### What this task involves
Copy nothing but the lines from the one containing "Kreatif, Anak Muda" through the last line of the entries below, exactly as written and without pictures.

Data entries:
========================

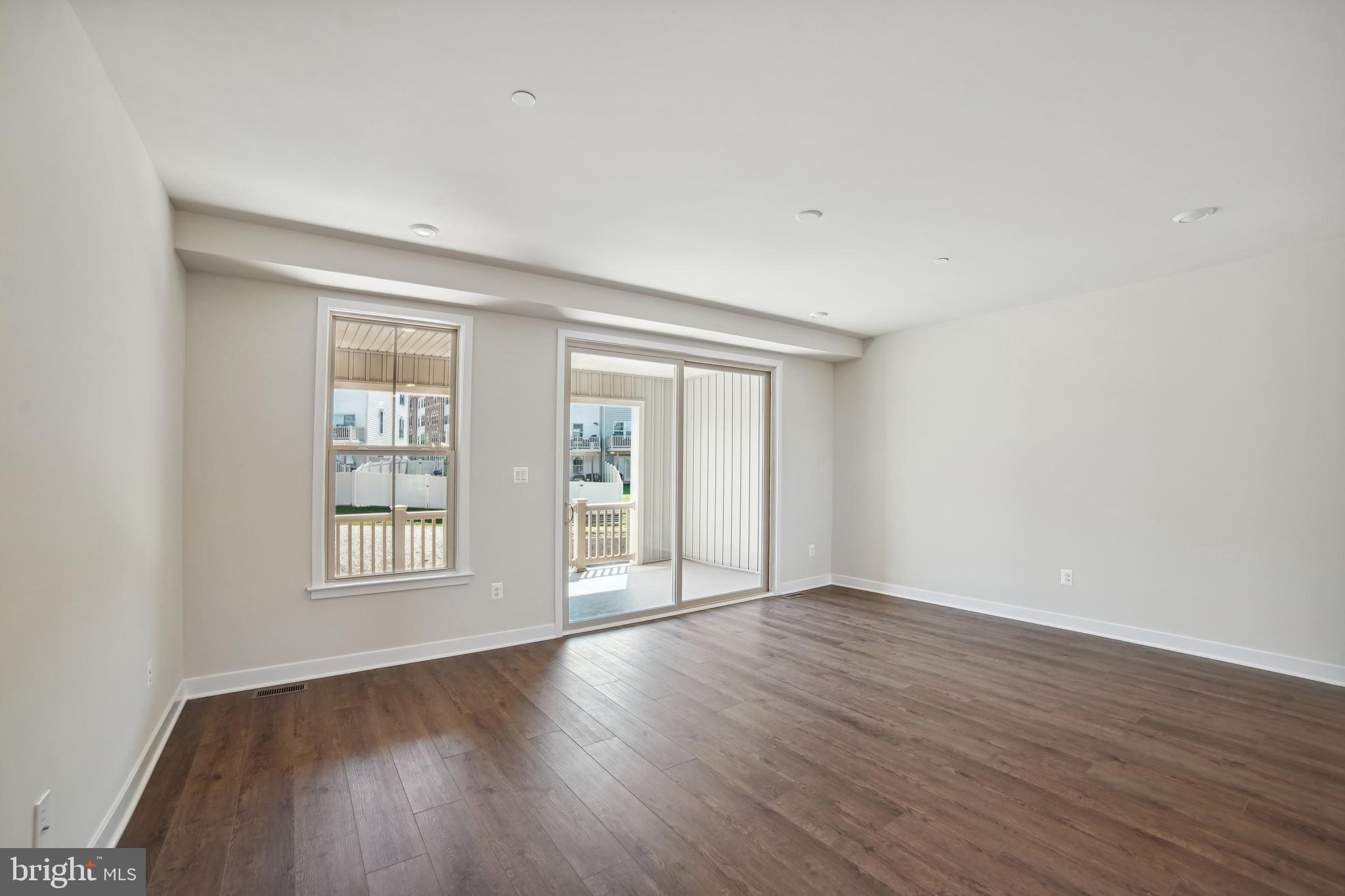 LAKE LINGANORE OAKDALE - Residential Lease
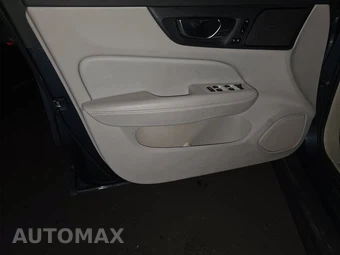 2025 Volvo V60 Cross Country B5 Plus – miniatura 9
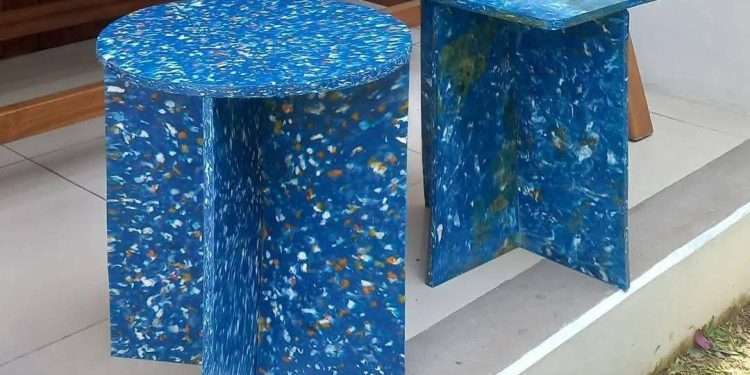 Kreatif, Anak Muda Kota Padang Sulap Sampah Jadi Sembako dan Furnitur
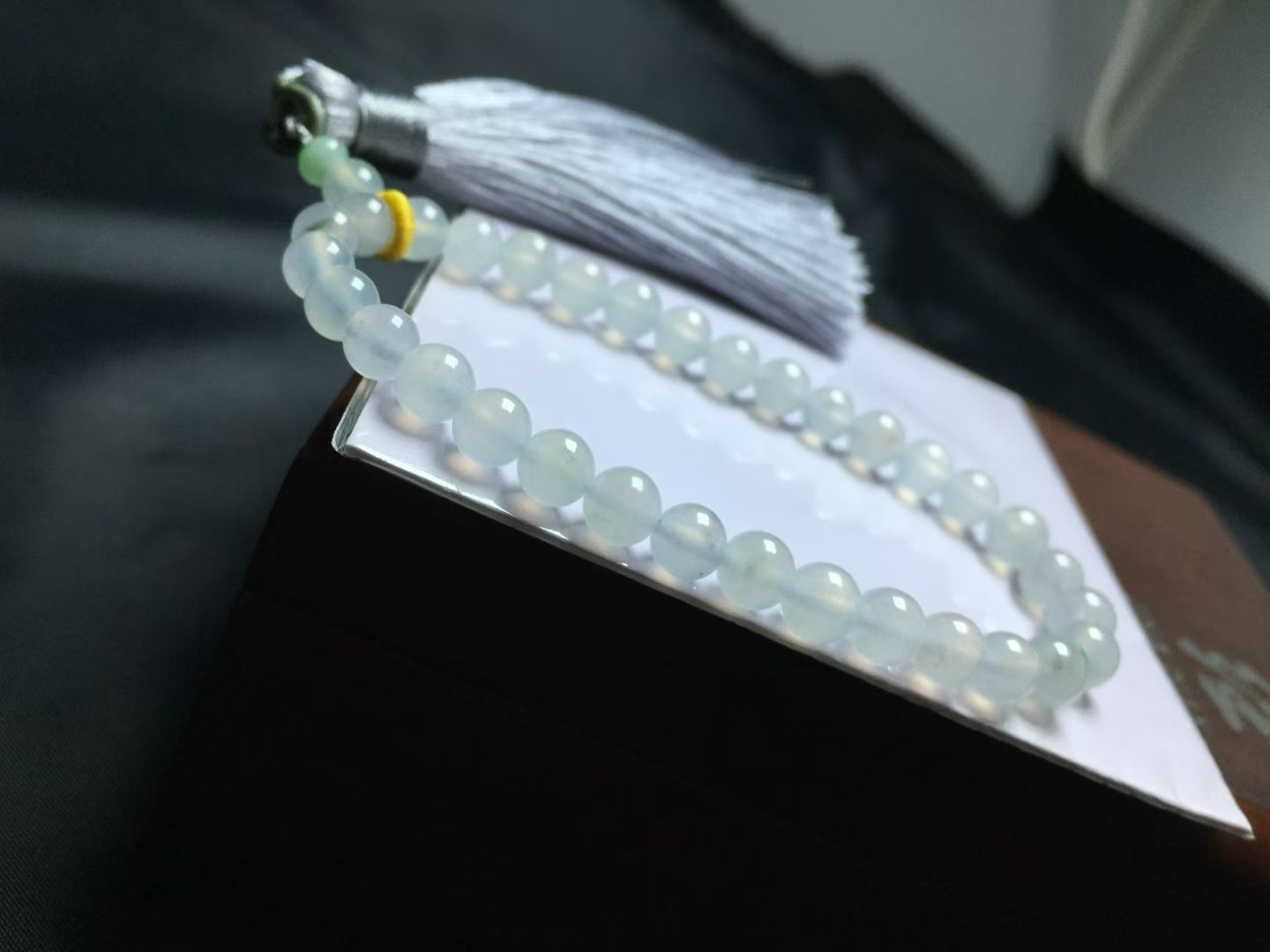 ️ 冰种手链，卡5.8mm，32颗，种好，玉质细腻，均匀，度极高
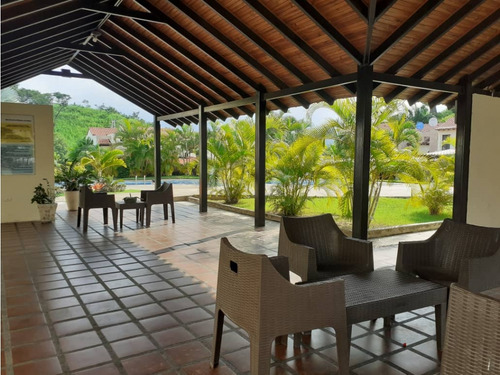 Townhouse En Venta En Tazajal En Altos De Monte Alegre Mc-8370692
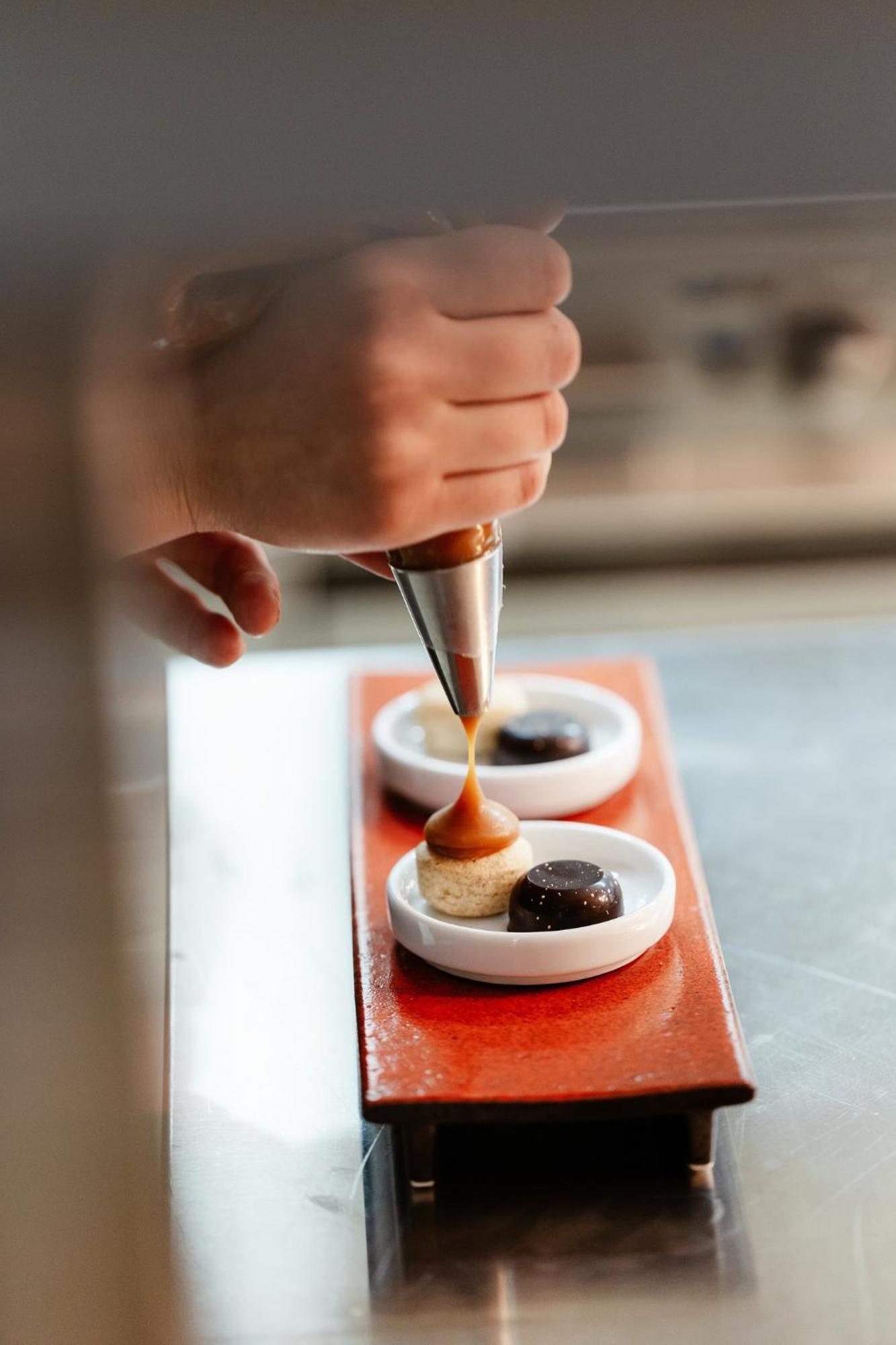 Viceroy Kopaonik Serbia Exterior foto A pastry chef icing a dessert
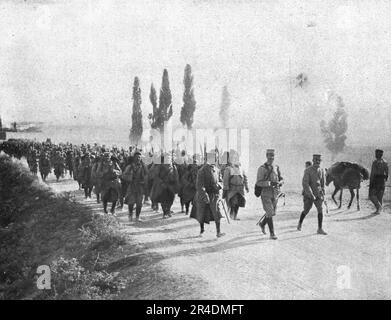 „Les premiers contingents Franco-Anglais a Salonique; Les troupes francaises se dirigent vers le Camp de Zeitenlick“, 1915 (1924). Aus „L'Album de la Guerre 1914-1919, Volume I“ [L'Illustration, Paris, 1924]. Stockfoto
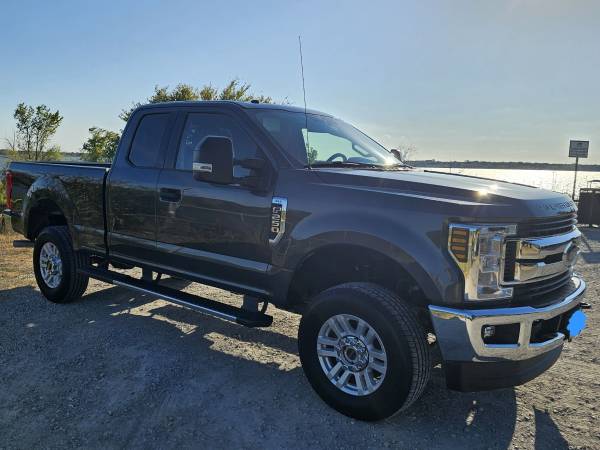 2019 Ford F250 4x4 - Photo 4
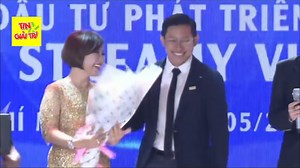 1.7M views · 9.3K reactions | Tiết lộ người Chồng thứ 2 của Doanh nhân Nguyễn Ngọc Tiền - Vợ cố diễn viên Quý Bình (người ôm bó hoa tặng Ngọc Tiền) #tingiaitri https://youtube.com/live/YmUYAWICLu0?feature=share | TIN GIẢI TRÍ | Facebook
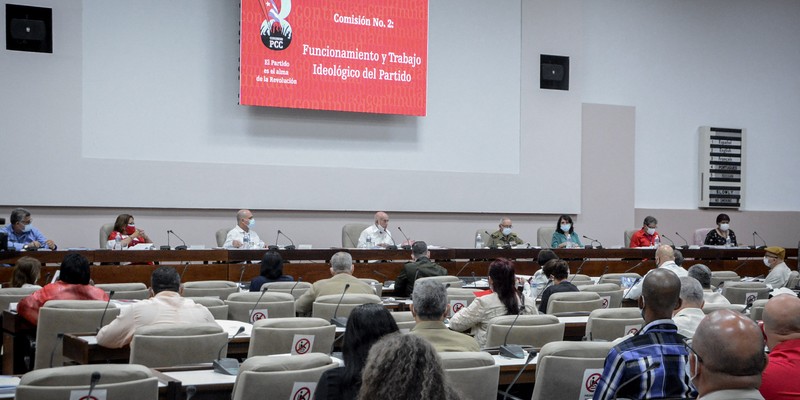 8vo. Congreso del Partido Comunista de Cuba, Segunda Jornada.  Fotos: Estudios Revolución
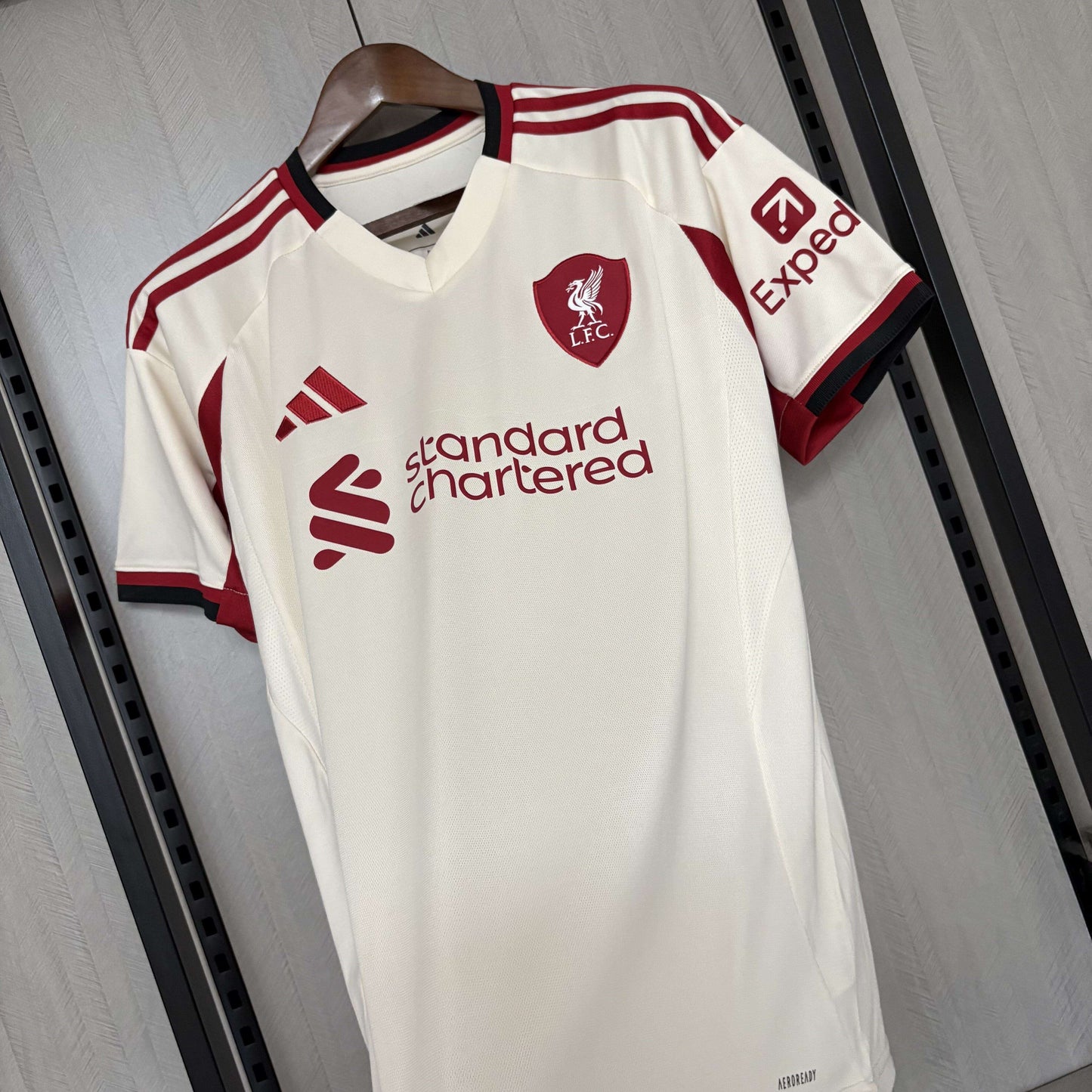 Camisa do Liverpool Reserva 2025/2026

========================

### Reply
 Kreatif, Anak Muda Kota Padang Sulap Sampah Jadi Sembako dan Furnitur
 ️ 冰种手链，卡5.8mm，32颗，种好，玉质细腻，均匀，度极高
 Townhouse En Venta En Tazajal En Altos De Monte Alegre Mc-8370692
 Viceroy Kopaonik Serbia Exterior foto A pastry chef icing a dessert
 „Les premiers contingents Franco-Anglais a Salonique; Les troupes francaises se dirigent vers le Camp de Zeitenlick“, 1915 (1924). Aus „L'Album de la Guerre 1914-1919, Volume I“ [L'Illustration, Paris, 1924]. Stockfoto
 2019 Ford F250 4x4 - Photo 4
 1.7M views · 9.3K reactions | Tiết lộ người Chồng thứ 2 của Doanh nhân Nguyễn Ngọc Tiền - Vợ cố diễn viên Quý Bình (người ôm bó hoa tặng Ngọc Tiền) #tingiaitri https://youtube.com/live/YmUYAWICLu0?feature=share | TIN GIẢI TRÍ | Facebook
 8vo. Congreso del Partido Comunista de Cuba, Segunda Jornada.  Fotos: Estudios Revolución
 Camisa do Liverpool Reserva 2025/2026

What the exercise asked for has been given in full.